Raw probability scores: [[0.3, 0.7], [0.8,0.2], [0.45,0.55]] converted via a thresholding 0.5 to class labels: [1, 0, 1]

#Assumptions

We have a trained model that outputs a score (e.g. logistic regression, SVM, trees)
That score may not be well-calibrated, even if it’s discriminative (i.e. performs well).
We want to adjust the raw scores into better-calibrated probabilities.

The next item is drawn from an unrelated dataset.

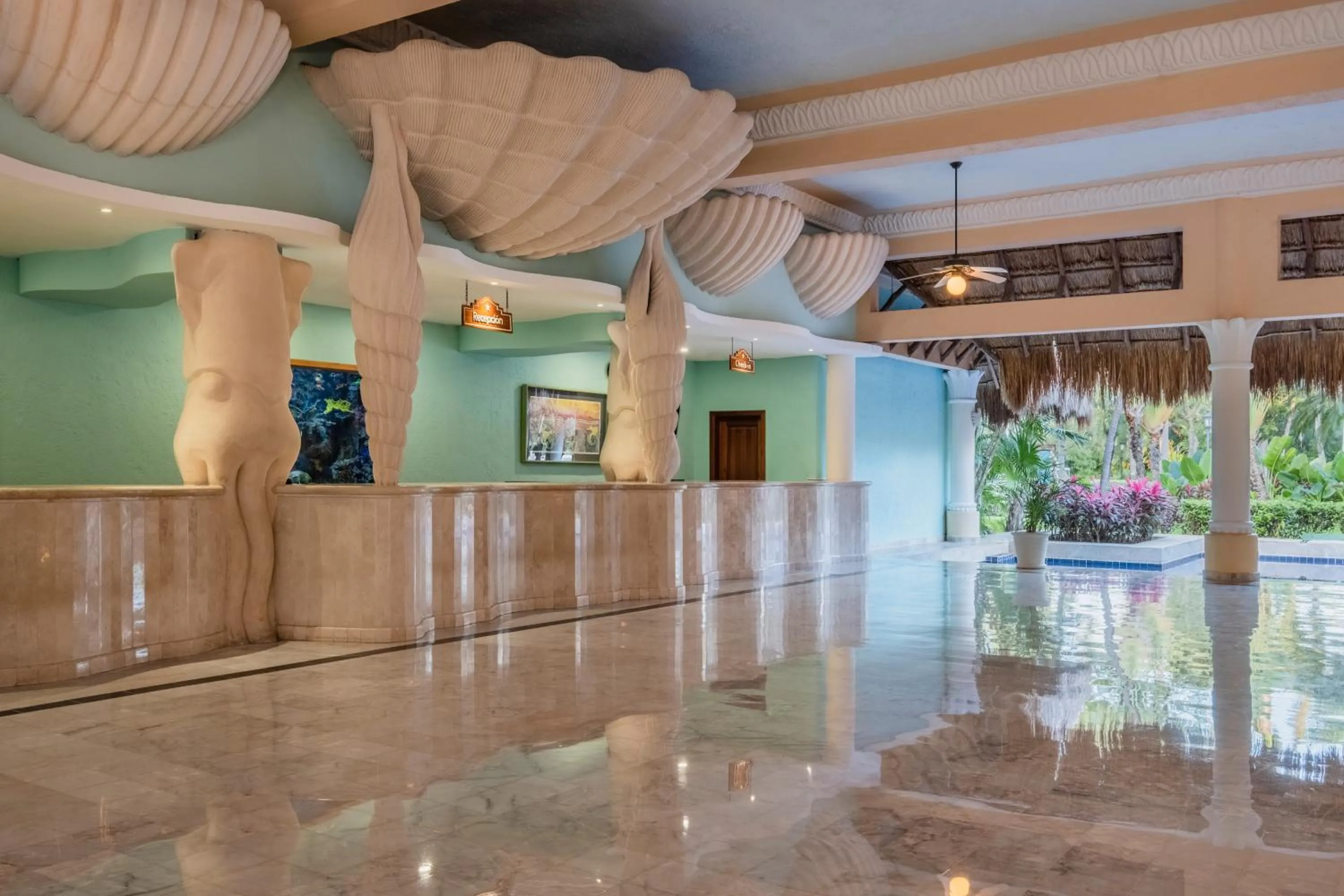 Lobby or reception in Iberostar Waves Paraíso del Mar - All Inclusive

#Platt Scaling (Parametric Calibration)

Logistic regression model fitted on top of a classifier’s output scores, typically a support vector machine (SVM), but it can work with others too.
Maps the raw outputs (e.g. decision scores) of a classifier to well-calibrated probabilities between 0 and 1.
Many classifiers (like SVMs or boosted trees) produce scores that don’t represent probabilities. For example, an SVM gives a decision score 4.2, but what does that mean?
Platt Scaling answers this by learning a mapping from the score to a calibrated probability.

#Isotonic Regression

Unlike Platt Scaling, which assumes that a sigmoid is the correct shape for calibration, Isotonic Regression doesn’t assume any fixed functional form.
Isotonic Regression fits a monotonic (non-decreasing) function to map the predicted scores (from a classifier) to calibrated probabilities.
Think of it like drawing a line through a staircase: the line must always go up (or stay flat), but it can have as many steps as needed to best fit the data.
Use when we suspect a sigmoid curve does not describe calibration errors well, and we have enough calibration data to avoid overfitting.
Avoid it when calibration dataset is small, or we are ok with a simpler but stable approximation (we go with Platt then)

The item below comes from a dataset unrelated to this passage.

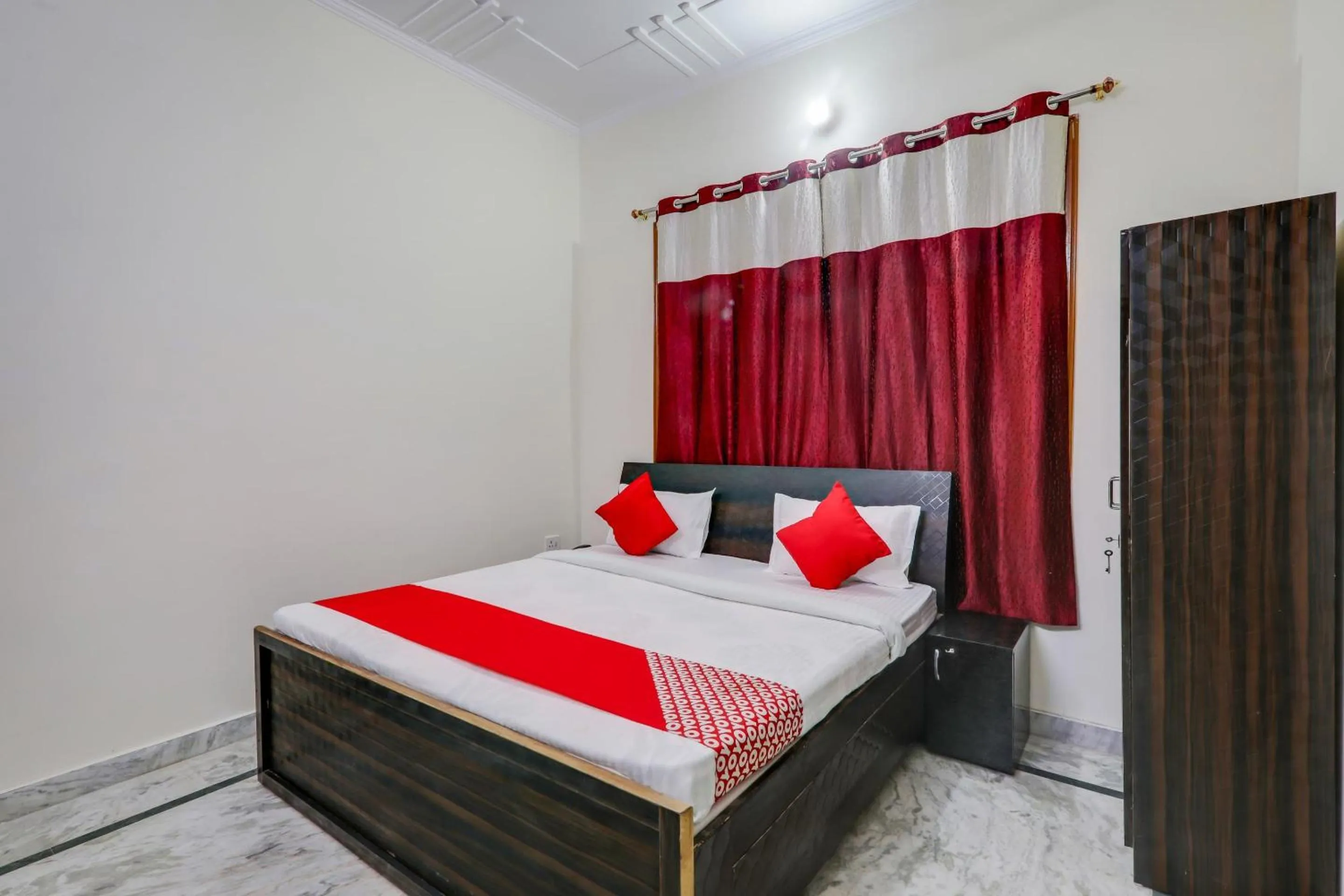 Bedroom, Bed in Hotel O Urmila Sadan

Other techniques: Temperature scaling, dirilecht calibration, spline calibration, ensemble and stacking-based calibration.

#When to use them

According to experiments
- Platt scaling: use when the distortion in the predicted probabilities is sigmoid-shaped.
- Isotonic regression: can correct a wider range of distortions but more prone to overfitting.
- Isotonic regression: performs worse than Platt scaling when data is scarce.
Experiments with eight classification problems
- Random forests, neural networks, and bagged decision trees are the best learning methods for predicting well-calibrated probabilities prior to calibration.
- After calibration, the best methods are boosted trees, random forest, and SVM.